My Voices Article for July/August (stevieslaw)

“The Only Thing—“. The LAGuide to the Art of Winning.
Here at Stevieslaw, we have all signed up for a gentle yoga program at the local YMCA. Once a week we try to lose ourselves in the formal stretches and poses—sunrise salutation, warrior one and warrior two, and others whose names I haven’t mastered yet. I am ashamed to say I haven’t mastered the ability to lose myself—to float egoless—either. I find that each week I spend a good part of the lesson time searching the group to see if I am winning. Yes, it’s gentle yoga and yes, many of the people who attend—often including me—need chairs to help them stand on one leg, but I still somehow view my yoga class as a competition. I want to win.
I share that desire with nearly all Americans. They want to win also. While more than 99% of the nation can’t tell you what Secretary of State John Kerry said about Syria this weekend—perhaps because they don’t know who Kerry is or what a Secretary of State does and, for that matter where Syria might be, more than 100% of our fellow citizens can tell you that Vince Lombardi of the Green Bay Packers coined the phrase, “Winning isn’t everything; it’s the only thing.” Of course, they would be wrong, as Vince apparently stole the quote from UCLA coach Henry Russell Sanders, who said it some ten years earlier. But I guess Vince was determined to be the one with the best quote ever. And because he is a winner we forgive him, just as we are quite willing to forgive our public enemy number 1’s, even going so far as to glorify them in movies. Think of Bonnie and Clyde. But forgive our number 2’s. Phooey. Yes, we are a competitive people. We grow up singing (from Annie Get Your Gun):
Anything you can do,
I can do better
I can do anything
Better than you.
And with that in mind, we take great pleasure and welcome responsibility in publishing, “The Only Thing—“The Less-intelligent-than-average-American Guide to the Art of Winning.” In the guide, you will learn that being a winner is often a matter of making the right choices.
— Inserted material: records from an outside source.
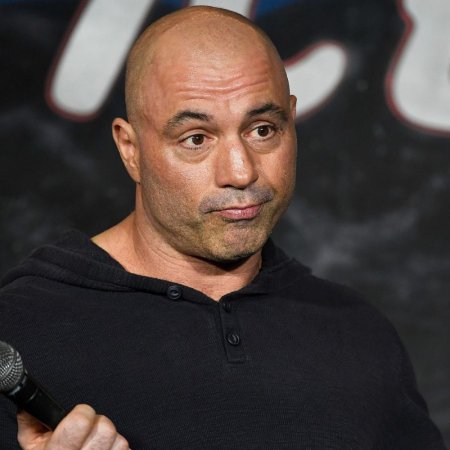 Joe Rogan Disputes Producer Over Biden Remarksâ'No, No, No'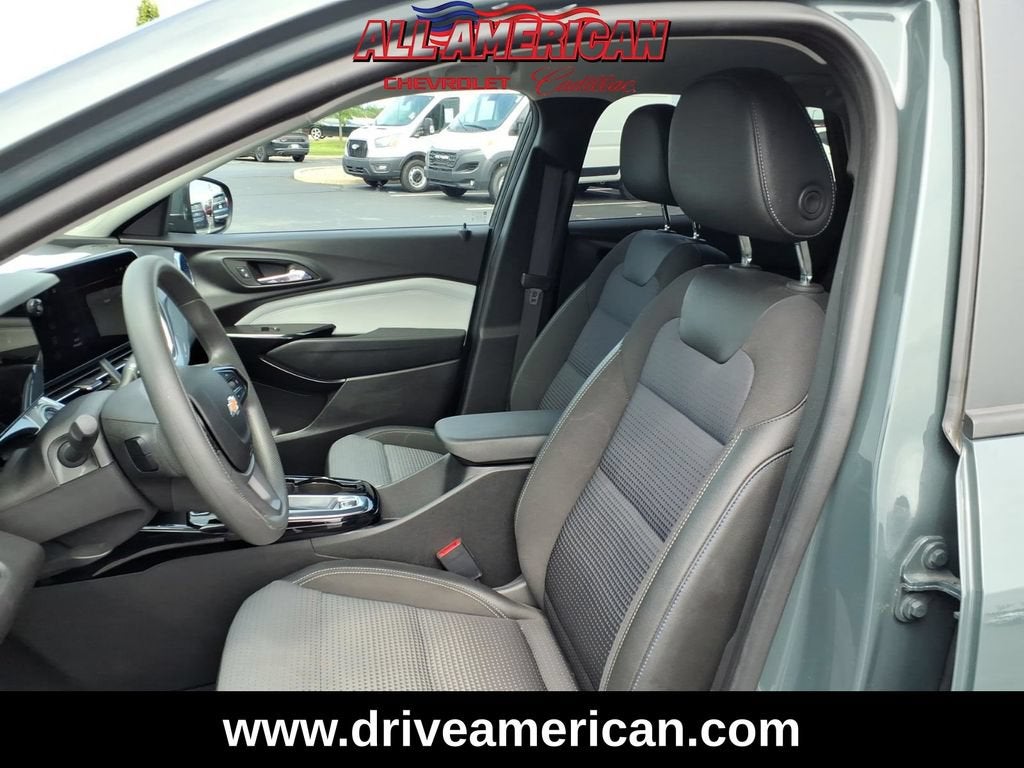 2025 Chevrolet Trax LT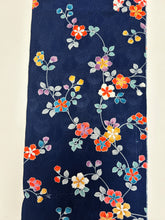 画像をギャラリービューアに読み込む, 菊尽くし地紋に花模様【ティアード】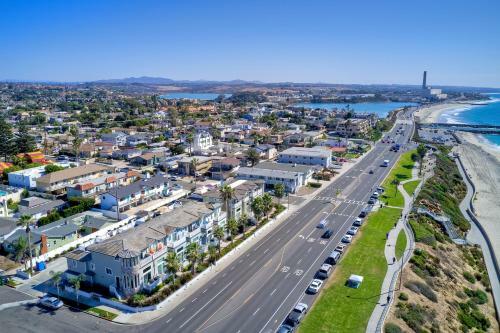 Sunset Dreams On The 101 - Professionally Prepared Using Cdc Guidelines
1. In sports, you should pick a sport where the competition is not strong because no one wants to play it. My college, for example, had the number 1 pick-up-sticks team in the nation. Of course, the college was nestled in the mountains of Southern Appalachia and we could all practice by attempting to pick up rattlesnakes blindfolded, but that needn’t be your story. In the guide, we identify 500 of the least popular sports ever.
2. In sporting events, you must remember that if the team you root for is number 1, than you are number 1. Yes, chanting we’re number one, as you gulp your beer and munch your chips by the TV in air conditioned comfort, is certainly the moral equivalent of winning the big match played for over four hours In 110 degree heat. Hey, you have the t-shirt. Choose well! My friends are Mets fans. Why? My older brother, Bad Barry, introduced me to an important concept in the mid-fifties, when he declared that I was a NY Yankee, Green Bay Packer and Boston Celtic fan. I was only eleven months old at the time, but still old enough to know that when BadB spoke, you listened and simply shook your head yes. Find the best of the best in the Guide. Moreover, our interactive feature will allow you to change teams, instantly, as conditions change.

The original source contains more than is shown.